(Beginning of Provided material)

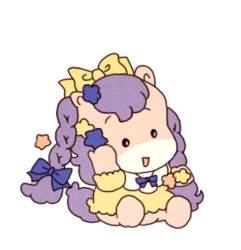 Size: 420x435 | Tagged: safe, artist:paperrabbits333, derpibooru import, official, earth pony, pony, bow, braid, clothes, dress, g1, hair accessory, hair bow, hairpin, image, long hair, milky, png, purple hair, reproduction, simple background, sitting, solo, stars, takara pony, trace, transparent background, yellow dress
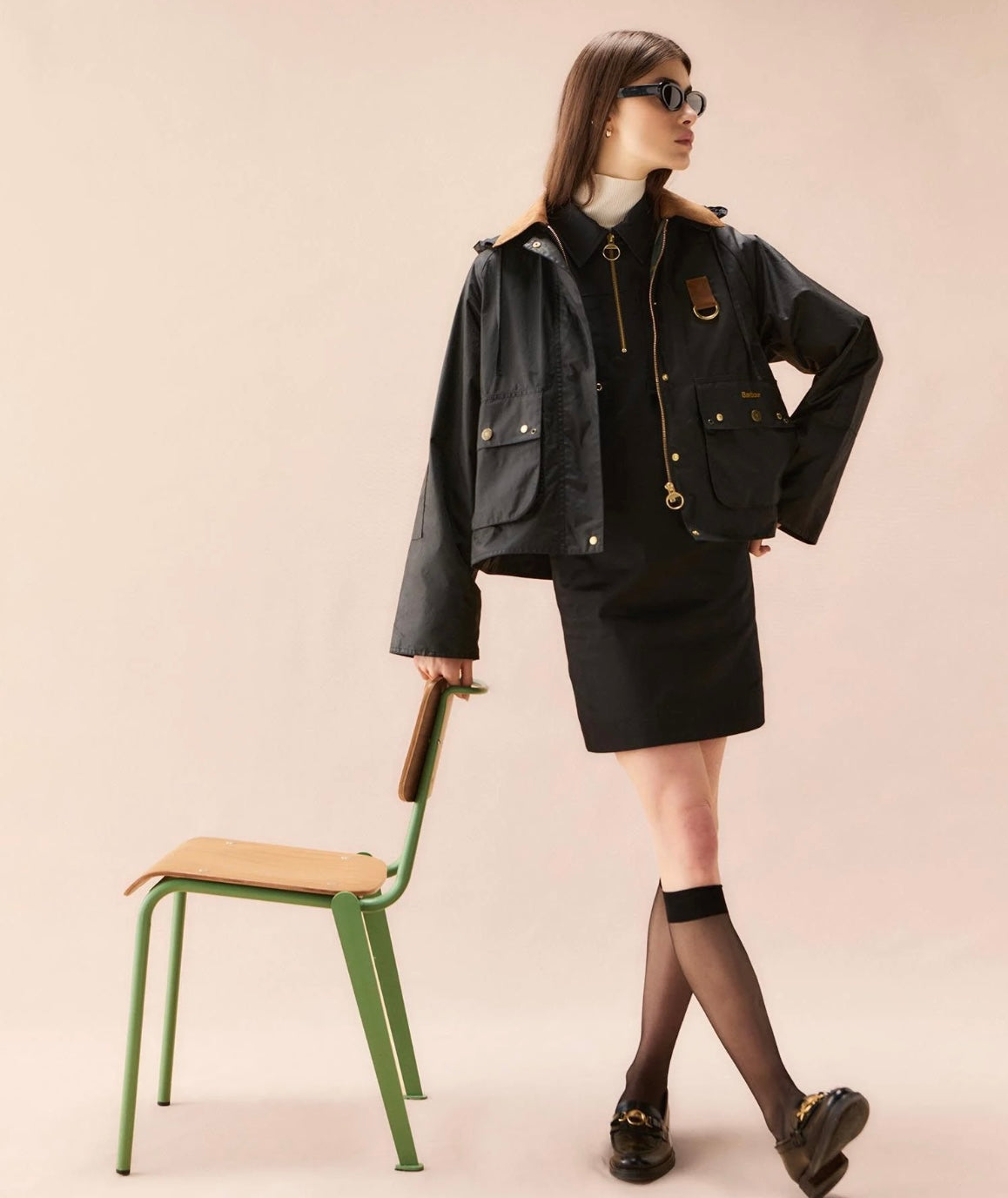 Barbour Erma Waxed Jacket - Black / Ancient Tartan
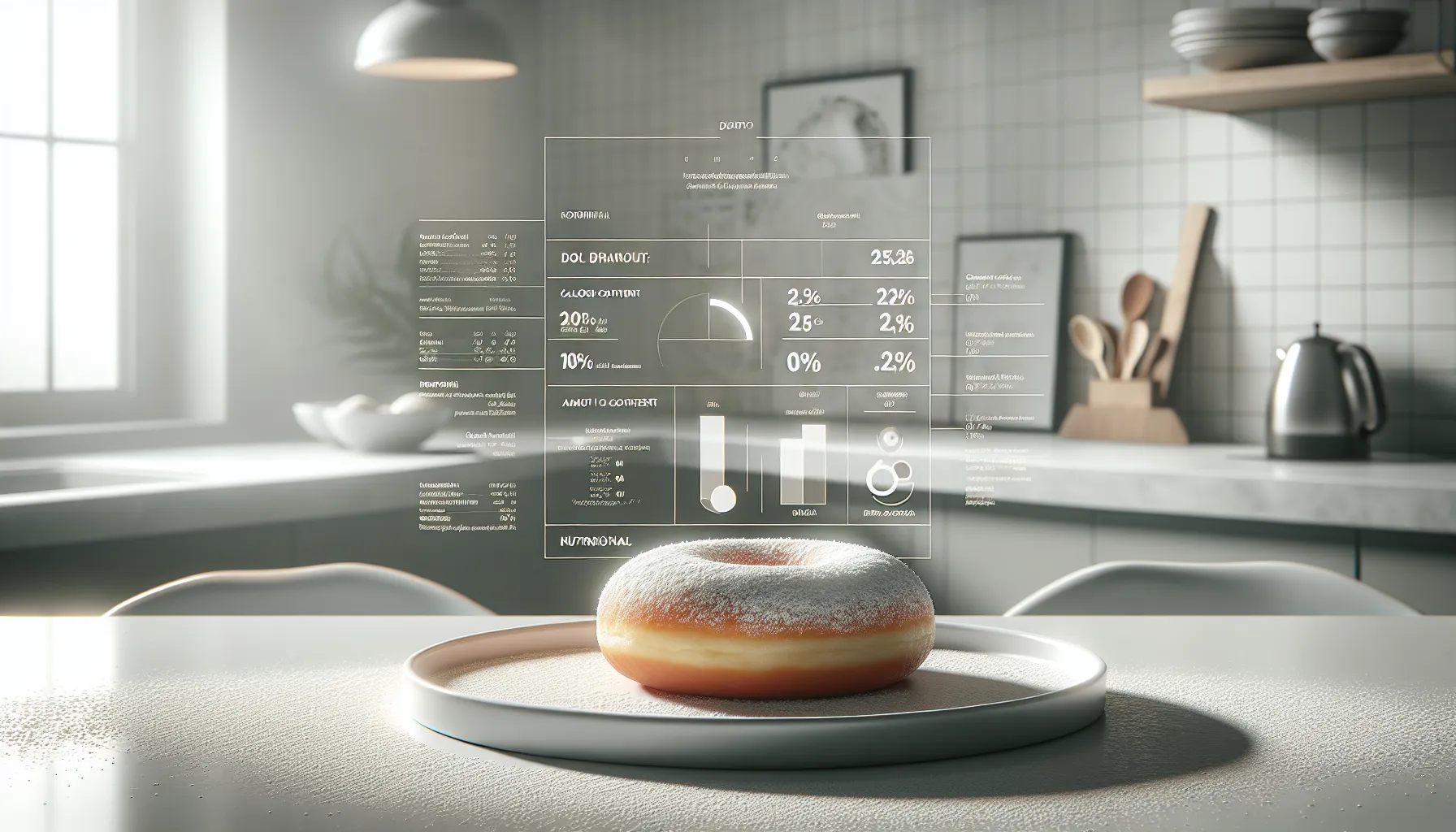 Classic krafna on a plate with nutritional facts beside it.
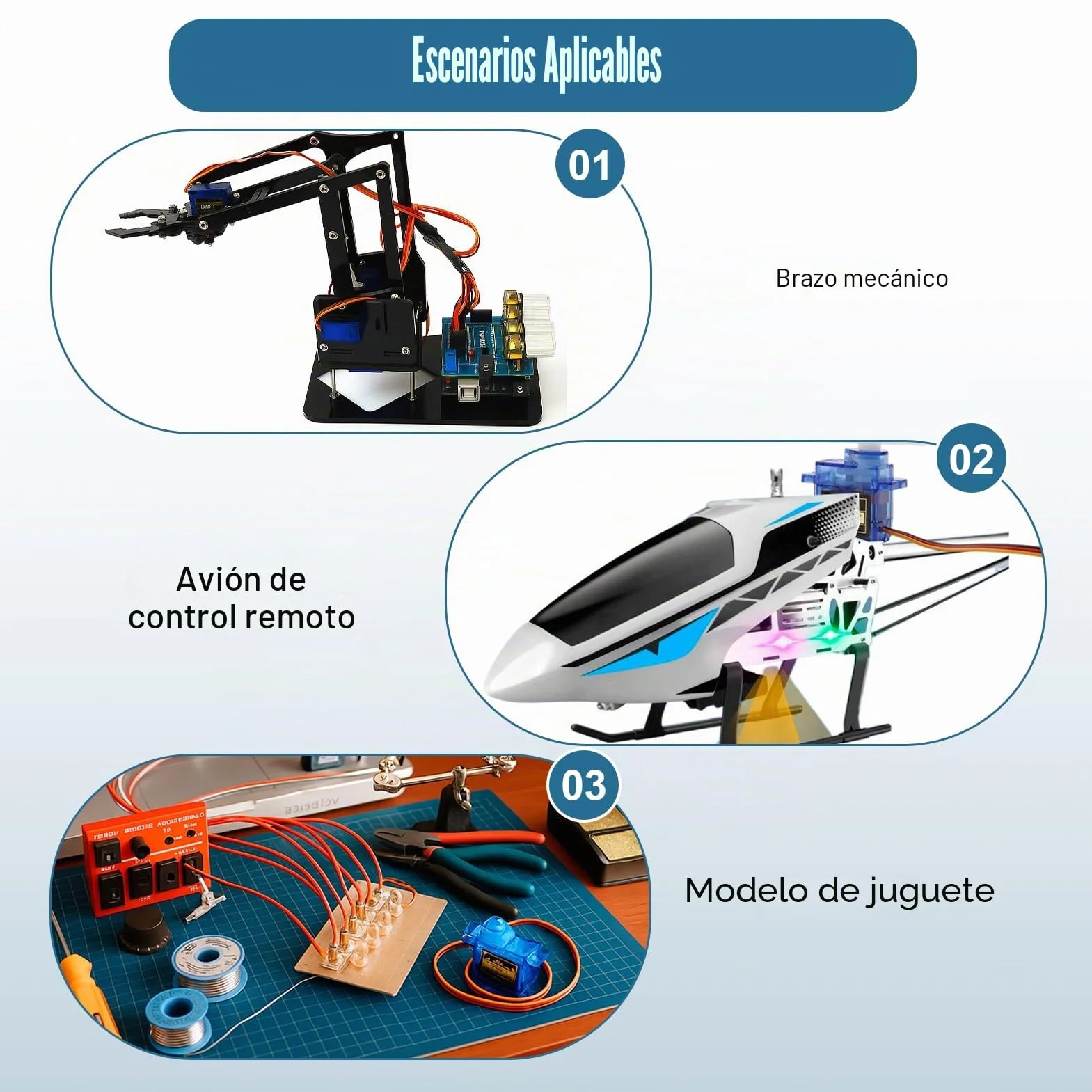 Paquete de 3 microservomotores de 9G, servo SG90 para Arduino, miniservos para proyectos RC, Brazos robóticos, helicópteros, Barcos y vehículos, Control por Cable, ángulo de Control de 180°, Azul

(End of Provided material)

## About this task
Transcribe only the lines between the line containing "Barbour Erma Waxed" and the final line of the listing, inclusive, exactly as they appear; no pictures are to be included.

## Answer to this problem
 Barbour Erma Waxed Jacket - Black / Ancient Tartan
 Classic krafna on a plate with nutritional facts beside it.
 Paquete de 3 microservomotores de 9G, servo SG90 para Arduino, miniservos para proyectos RC, Brazos robóticos, helicópteros, Barcos y vehículos, Control por Cable, ángulo de Control de 180°, Azul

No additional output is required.